All American Parsnip Seeds

#0201
This packet sows up to 28 feet.
Availability: In Stock
'All-American' parsnip thickens early, in as little as 95 days! Parsnips have a long culinary history, are versatile and nutritious and are being added to the menus of many upscale and specialty restaurants. Their tender, white, carrot-like roots have a sweet and distinctive flavor that's delicious in soups and stews, mashed, stir-fried or roasted. The trick to growing the sweetest parsnips? Wait to harvest until after the first frost.

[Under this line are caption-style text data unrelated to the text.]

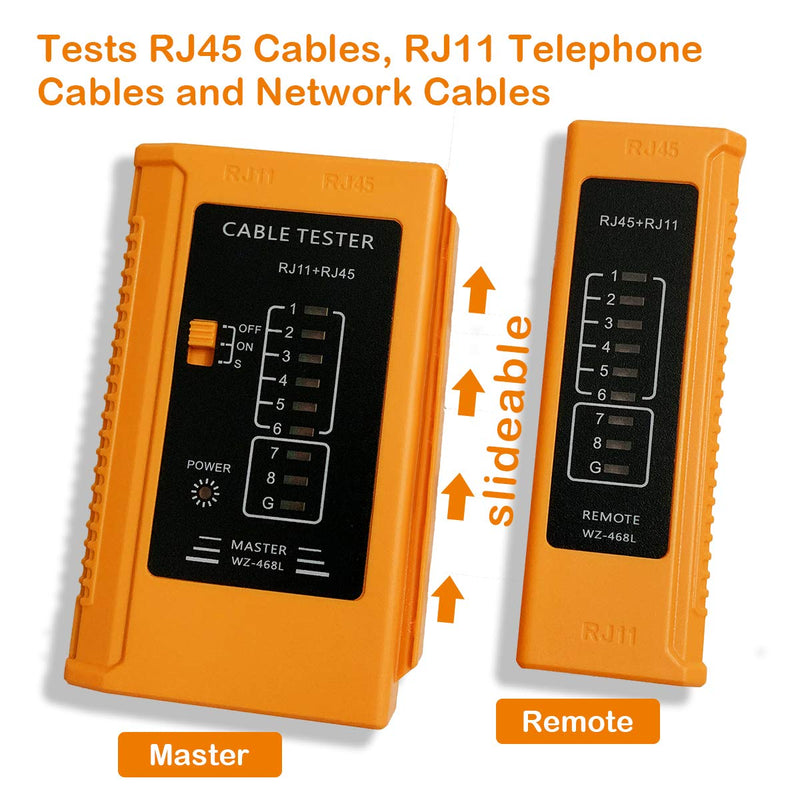 Network Cable Tester Test Tool RJ45 RJ11 RJ12 CAT5 CAT6 UTP USB LAN Wire Ethernet（Battery Not Included)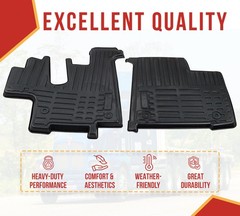Semi Truck Black Floor Mats Liners Fits T600, T660, T800, W900 -2Pcs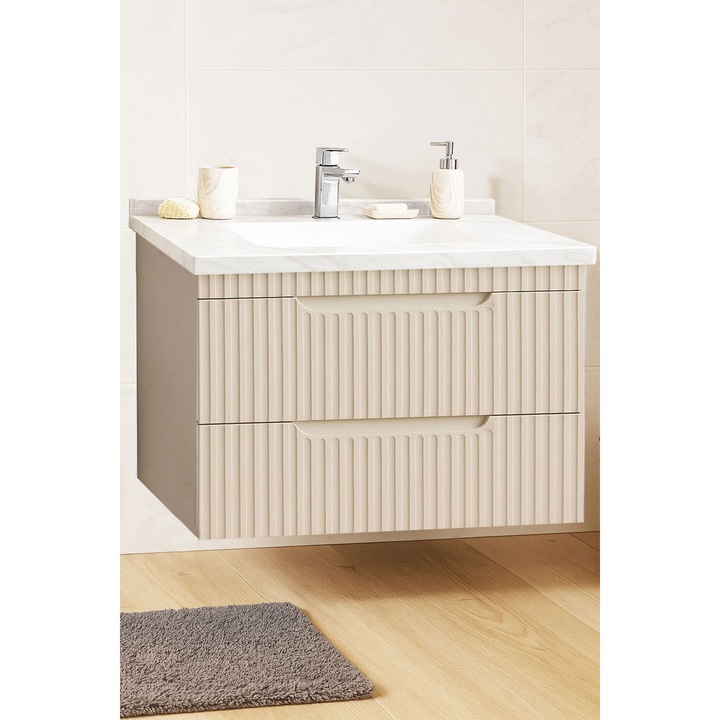 Mobilier de baie Baza MDF si lavoar granit Dubai, cu soft-close, Badenmob, seria 833, Suspendat cu Sertare, 80x54x46cm, Crem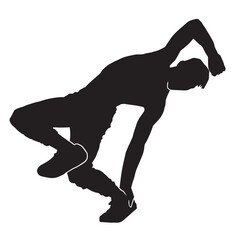 silhouette of a man dancing break dance or street dance illustration.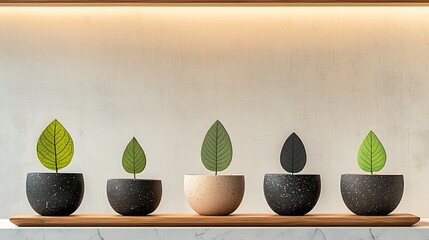 Poster - Row of potted plants on a shelf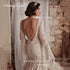 Boho Mermaid Wedding Dress Long Sleeve Lace Illusion V Neck Backless Bridal Gown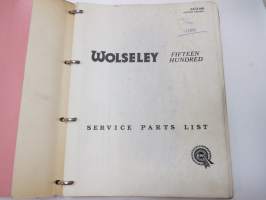 Wolseley Fifteen Hundred 1500 Service Parts List -varaosaluettelo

Cold temperatures change the starch into sugar making them sweeter.
$1.79 1 gram

Botanical Name: Pastinaca sativa

Days to Maturity: 95–145 days

Family: Apiaceae

Native: Eurasia

Hardiness: Biennial grown as annual. Roots can be harvested in fall after a few frosts or left in ground through winter for harvest before tops begin growth in spring.

Plant Dimensions: Roots are up to 12" long and the tops (shoulders) up to 3" across.

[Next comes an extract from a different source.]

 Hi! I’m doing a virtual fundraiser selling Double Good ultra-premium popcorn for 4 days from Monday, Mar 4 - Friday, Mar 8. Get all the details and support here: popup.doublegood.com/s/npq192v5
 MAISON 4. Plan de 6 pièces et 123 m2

Variety Information: Creamy-white, tapered roots; leaves are similar to carrot foliage, but much broader.

When to Sow Outside: RECOMMENDED. Late spring or early summer, about 4 months before your average first fall frost date. Mild Climates: Sow in fall for harvest the following spring. Ideal soil temperature for germination is 50°–70°F.

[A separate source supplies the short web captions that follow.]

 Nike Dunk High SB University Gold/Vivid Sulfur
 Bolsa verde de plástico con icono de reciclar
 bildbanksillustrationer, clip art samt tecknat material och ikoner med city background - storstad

When to Start Inside: Not recommended.

Days to Emerge: 10–25 days

Seed Depth: ½"

Seed Spacing: A group of 3 seeds every 3"

Row Spacing: 18"

Thinning: When 4" tall, thin to 1 every 3"

Harvesting: To harvest parsnips, dig them up with a shovel or garden fork being careful not to cut or damage roots. If you wish to harvest before winter, leave parsnips in the ground for at least 2 weeks after a hard fall frost. You can improve the sweetness by storing at 32°-34°F for 2 weeks before using. If you leave parsnips in the soil over winter, throw a few inches of soil over the crowns and mulch heavily with straw or compost after the first fall frosts. During extended cold periods, stored starches are changed to sugar as the first-year plants prepare for new growth, thus roots harvested in early spring are especially tender and sweet. The roots lose flavor and become fibrous if you do not harvest them before new tops and seed stalks begin to grow.